In order to obtain the benefit of advance purchases and fulfill its obligation to its citizens, the City must enter into an agreement or agreements for the purchase of power well in advance of the budget year in which that power will be consumed. In entering into such agreements, the City is providing for the basic electrical needs of it citizenry, as it has done since the turn of the last century. To hold that the City should be required to subject itself to the whims of the market, to risk greatly increasing the cost, and potentially deprive its citizens of a basic necessity, flies in the face of the framers’ intent that the Proviso Clause allow for the normal administration of government functions. Indeed, the Legislature has specifically authorized cities to enter into power purchase contracts (I.C. § 50-342) and to enter into joint ownership arrangements for power projects (I.C. § 50-342A). With regard to the latter provision, the Legislature declared:
securing long-term electric generation and transmission resources at cost-based rates is essential to the ability of municipal utilities to provide reliable and economic electric services at stable prices to the consumers and communities they serve and is essential to the economy and economic development of their communities and to the public health, safety and welfare.

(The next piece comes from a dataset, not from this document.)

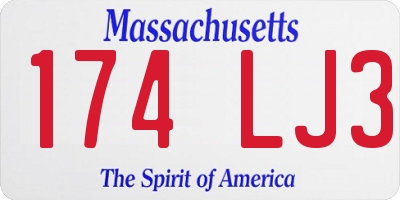 MA license plate 174LJ3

The agreements in question here are, in Judge Claggett’s words, “extraordinary expenses in the ordinary administration of affairs ... the ordinary general indebtedness which is incurred in the way of administration of county affairs.” Accordingly, because the contract at issue here falls within the Proviso Clause, I would affirm the ruling of the district court.
Justice Pro Tern KIDWELL concurs.. Claggett’s proviso amendment was supported by W.C.B. Allen who had earlier argued that article VIII, section 3 should be eliminated. His concern was that "in some of the counties of this [state] under the general law there is indebtedness which is greater than is provided for in this clause of the section, and which makes it a necessity to issue scrip at different times ..." Id. Both men were concerned with what Claggett called "extraordinary expenses in the ordinary administration of affairs,” which are an incident to "the practical administration of county government.” Id. at 588, 199 P.3d 102. Claggett was also supported by W.B. Heyburn, who wanted to insure that an expensive special election did not have to be called every time an extraordinary expense arose in the legitimate business of county government. Id. at 591, 199 P.3d 102. Only two delegates, George Ainsle and Orlando Batten, opposed the addition of the Proviso Clause because they feared it would completely circumvent the debt limitations contained in article VIII, section 3. Id. at 587, 589, 199 P.3d 102. Ultimately, what the delegates sought to do with the Proviso Clause was to allow the county to provide necessary services in extraordinary circumstances without the expense or necessity of a general election.